La falta de cifras oficiales obliga a mirar el contexto general de cada Mundial. Catar 2022, por ejemplo, es considerado el torneo más costoso de la historia, con inversiones estimadas en unos 220.000 millones de dólares. Sin embargo, la mayor parte de ese dinero no estuvo relacionada con la ceremonia inaugural, sino con obras de infraestructura como estadios, carreteras, hoteles, sistemas de transporte y desarrollos urbanos.

Shakira durante los ensayos para la inauguración del Mundial 2026. | Foto: X: @faderg2_

Los datos históricos muestran diferencias enormes entre los países organizadores. Mientras Estados Unidos invirtió cerca de 500 millones de dólares para albergar el Mundial de 1994, Brasil destinó unos 15.000 millones y Rusia alrededor de 11.600 millones. Catar elevó la vara hasta cifras nunca antes vistas.

Para el Mundial de 2026, diversas estimaciones sitúan la inversión global por encima de los 12.000 millones de dólares, impulsada por la ampliación del torneo a 48 selecciones y 104 partidos.

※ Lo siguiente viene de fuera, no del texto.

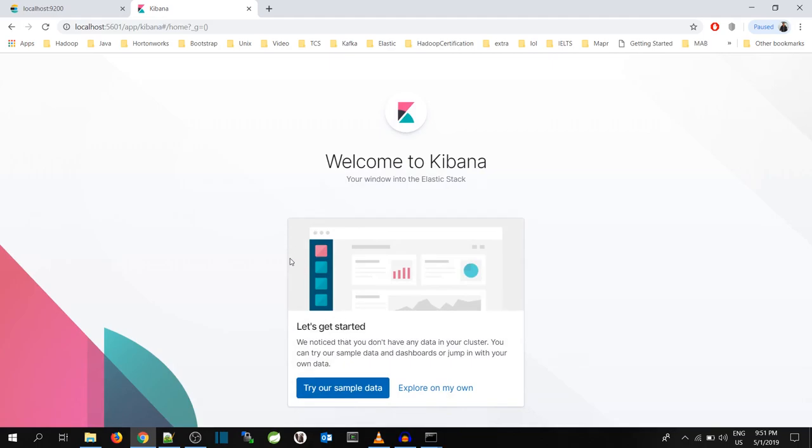For the very first time, it is asking whether I want to try with the sample data which Kibana itself is providing or I want to explore with my own data. So I will go with my own data now.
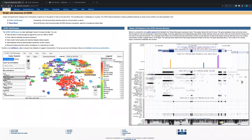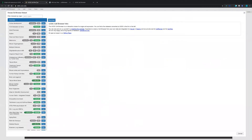Hello everyone. This video is a brief introduction about how to use the UCSC Cell Browser. The UCSC Cell Browser is a fast, lightweight viewer for single cell data. UCSC has already provided a few sample data sites you can play with when you first use this tool. When you get familiar with it, you can generate your own using your own data.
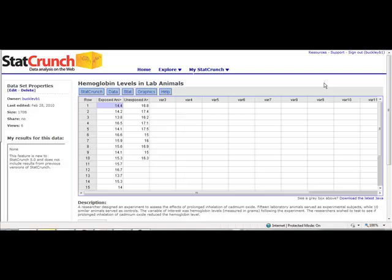The purpose of this StatCrunch video is to discuss the Mann-Whitney test and its application within StatCrunch. The Mann-Whitney test is a non-parametric test used to compare the medians of two populations when independent samples are taken from those populations.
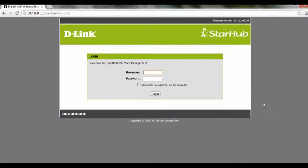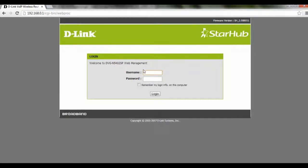Hi and welcome to this tutorial on how to enable USB file sharing over FTP on the DBG-M5402SP. To start off, we have to log on to our router at 192.168.0.1 and login with our username and password.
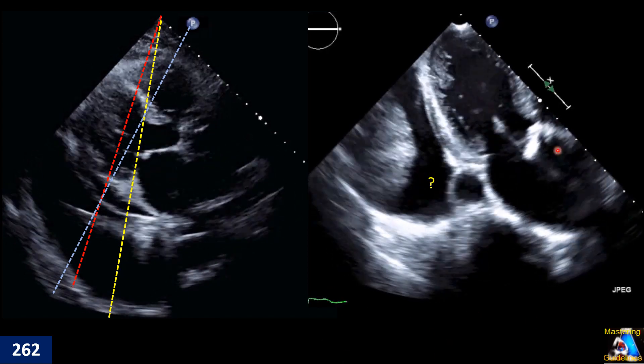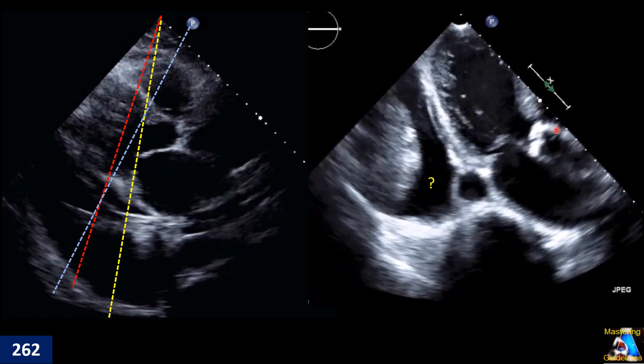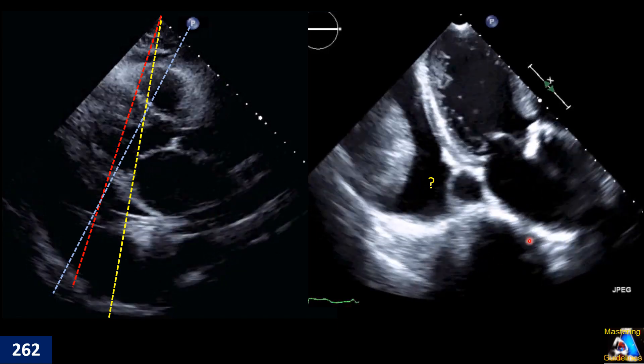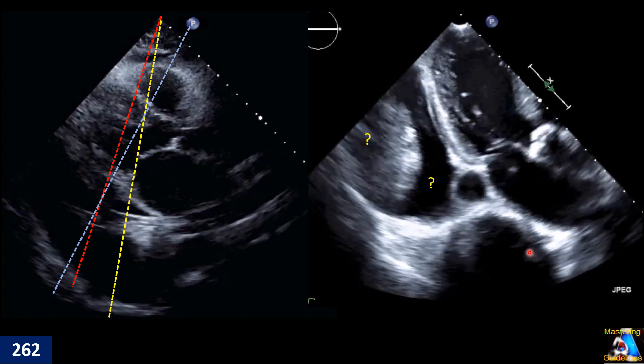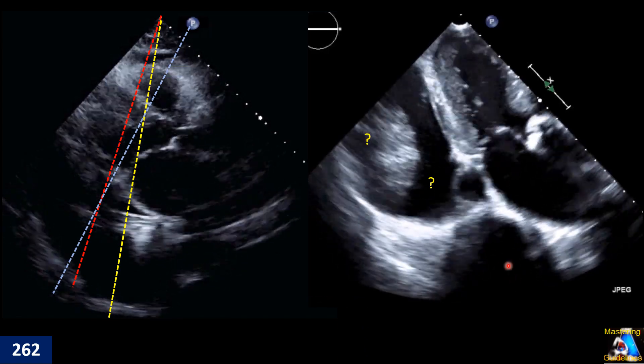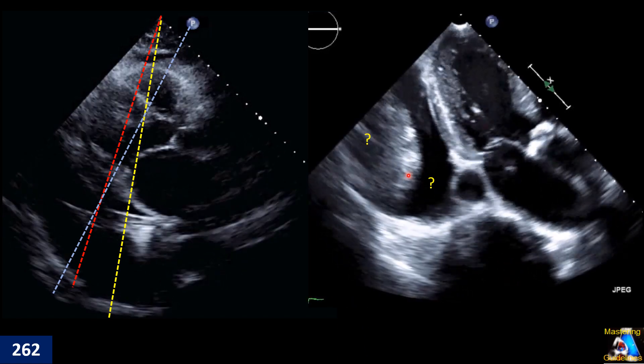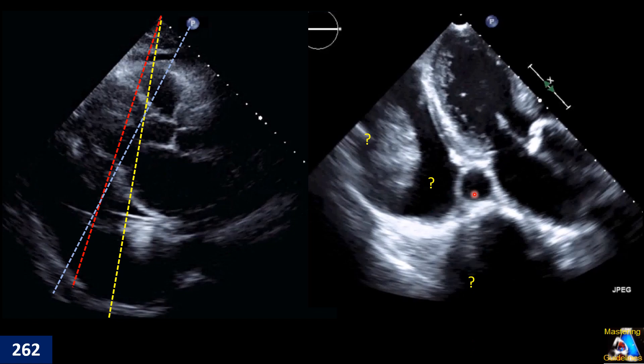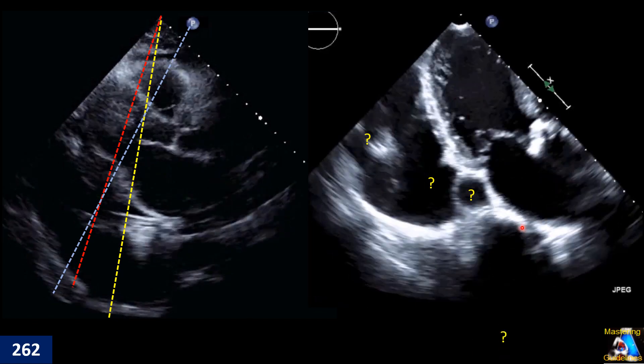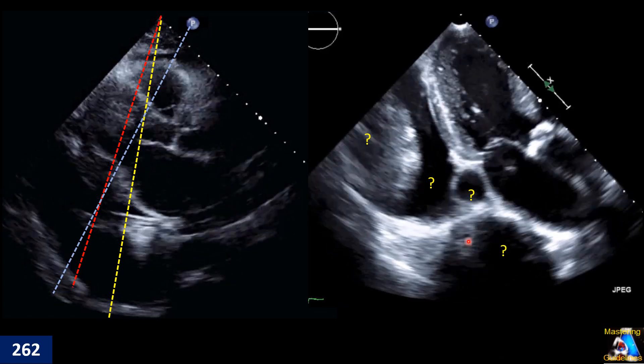Here is another view — almost an apical three-chamber. Let's see what those structures are: this one, this one, this one, and here.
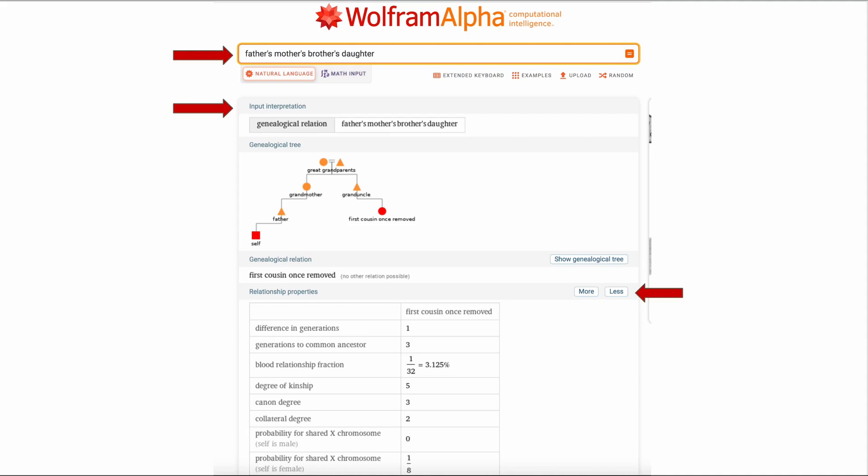Notice how it is worded in that top box. Look at the second arrow for the input interpretation. You always want to look at the input interpretation to make sure that the interpretation is what you want. If it isn't you will have options next to that to change the interpretation. We'll see that in some of the other examples.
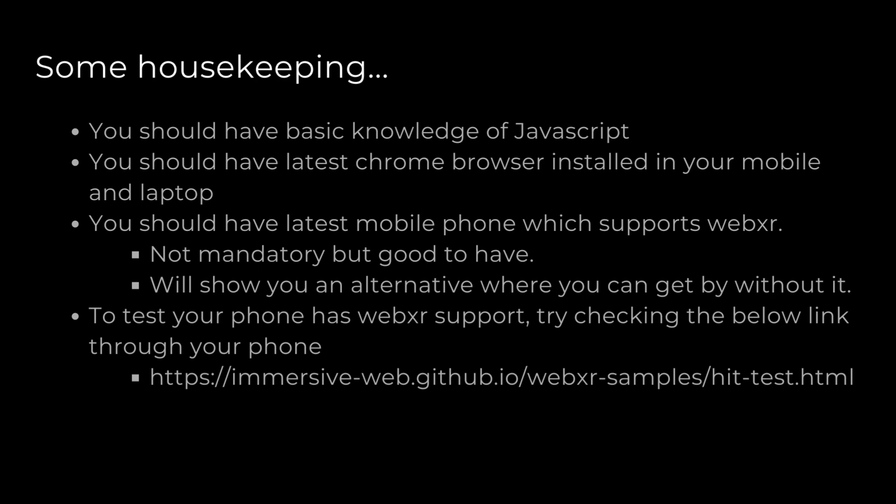Since WebXR is a very latest API, it doesn't have a lot of browser and mobile support. To be on the safe side, you can check the link shown in the slide to see whether your mobile phone supports WebXR or not. Even if it doesn't support, I'll be showing you a Chrome extension API with which you can do development alongside me.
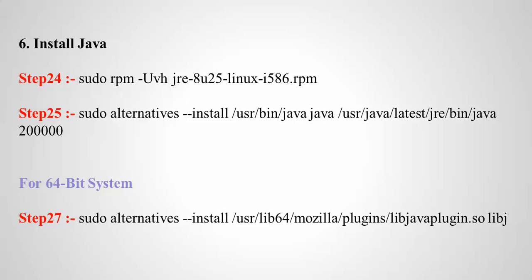Step 25 is going to install Java. For 64-bit systems, you can use step 27 for the Java installation.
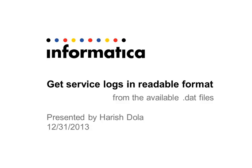Hi, welcome to Informatica. My name is Harish and this is a quick presentation on fetching service logs in readable format from the available .dat files.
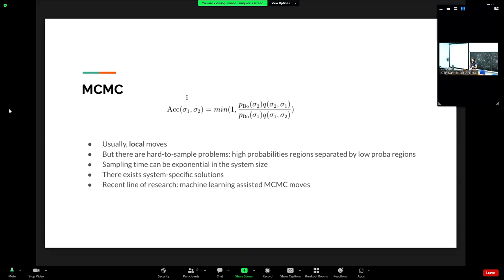There exist some system-specific solutions: for example, identifying correlated variables and updating them together. But by definition these are system-specific, requiring a lot of work per problem, and sometimes no such solution exists. The idea is to do something universal in the same way local MCMC is universal. The recent line of research is to use machine learning to assist MCMC.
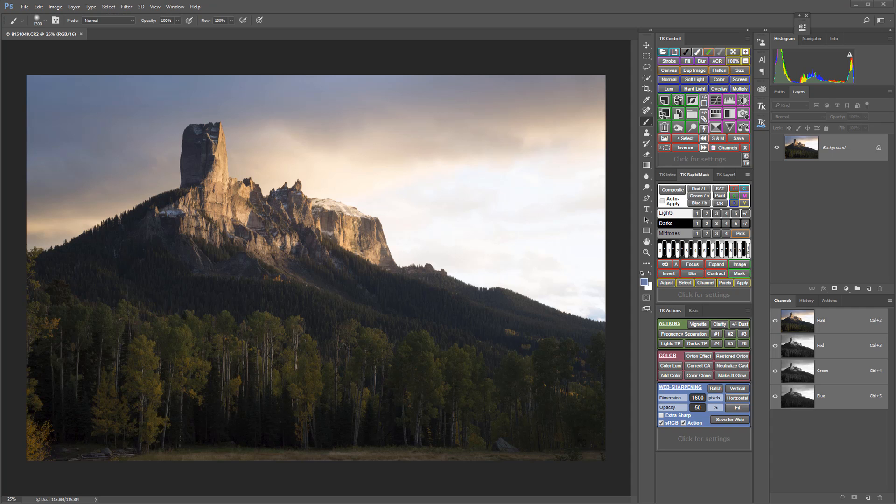The basic idea behind masking a mask is that luminosity masks are great for targeting adjustments to specific tones, but sometimes those tones are scattered throughout the image and so you end up adjusting parts of the image you don't want to adjust. So by masking the mask you can use a luminosity mask to adjust certain tones and then further target it to just the region or area of the image where you want it to go.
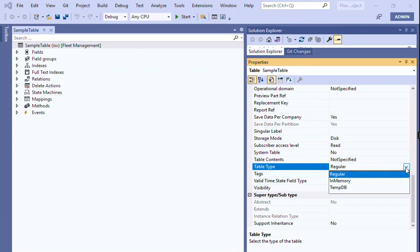So this is a really very helpful session that describes the difference between these temporary tables and also how to optimize this temporary table usage. Thank you so much, bye.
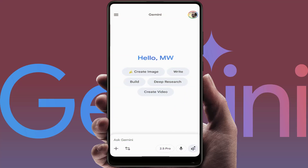Hello guys, how are you? Hope you all are doing well. Today I am back with a new video. In this video tutorial, I am going to show you how to check your Google Gemini subscription plan.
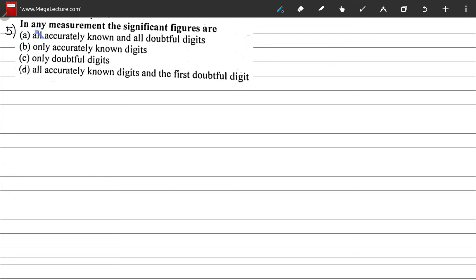Question 5: significant figures in any measurement are — all accurately known and all doubtful digits, only accurately known digits, only doubtful digits, or all accurately known digits and the first doubtful digit. From what we learned in the lecture on measurements, significant figures are all accurately known digits and the first doubtful digit. The correct option is D.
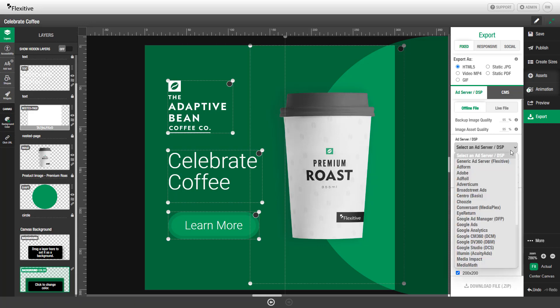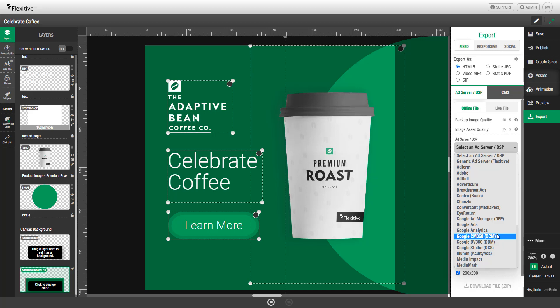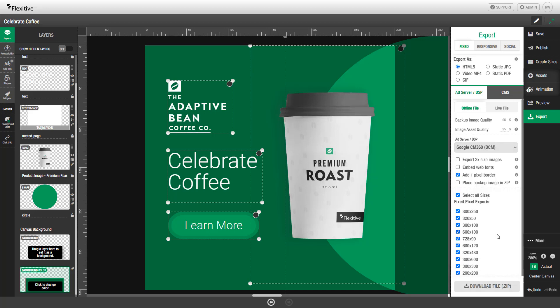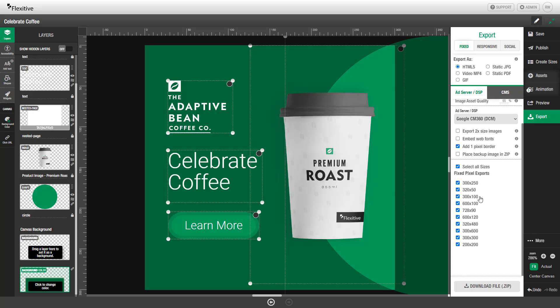You can also then choose an ad server or DSP from this dropdown. For the sake of demonstration in this video, we'll use Google Campaign Manager 360. You can then set your images to export at two-time size, embed web fonts, add a one-pixel border, or place your backup image in the ZIP. Flexitive designs can contain unlimited numbers of sizes, so you can choose as many as you'd like when exporting. In this case, we'll export all of them, and then click Download ZIP.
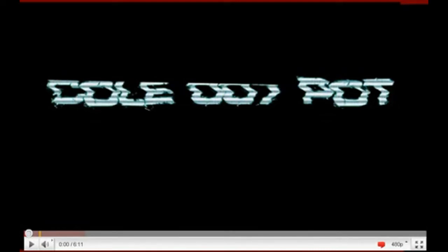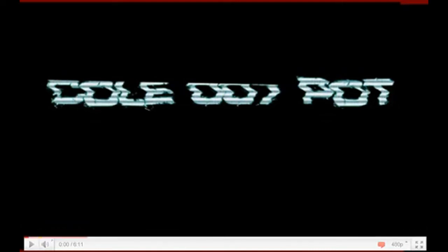Hey, what's up, YouTube? This is a quick video dedicated to Kool007Pot.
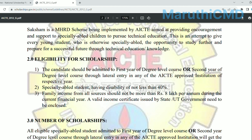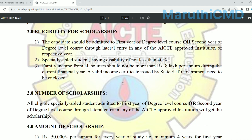Next is the second year of lateral entry. If you have a diploma or a lateral entry, you will do this scholarship and join in the second year of degree level. Your student is eligible if you have a disability — they can earn a 40% disability certificate. You will need a family income of up to 8 lakhs in order to apply.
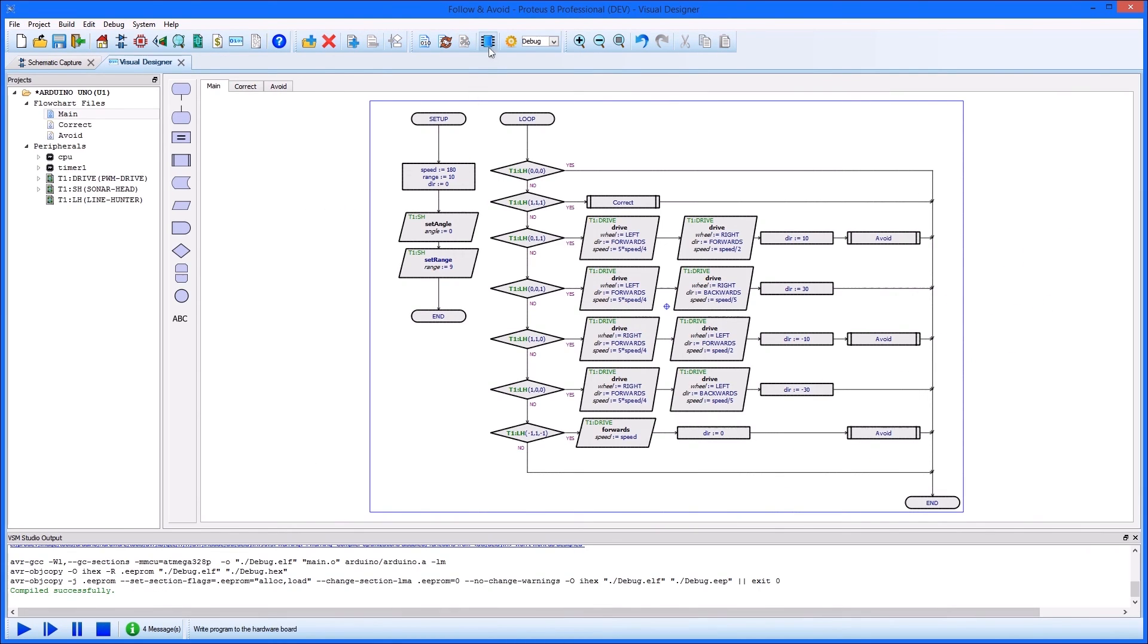As always, the program can be fully designed and tested in simulation and then deployed to the real hardware at the press of a button.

Aunque gran parte de la infraestructura ya existe, el certamen exigirá gastos en transporte, seguridad, operaciones y entretenimiento en 16 ciudades sede.

En otras palabras, aunque nadie conoce el valor exacto de una inauguración mundialista, los expertos señalan en que se trata de una de las producciones deportivas más complejas y costosas del planeta. Lo que el público observa durante unos minutos sobre el césped es apenas la parte visible de una operación que moviliza cientos de trabajadores y recursos millonarios durante meses.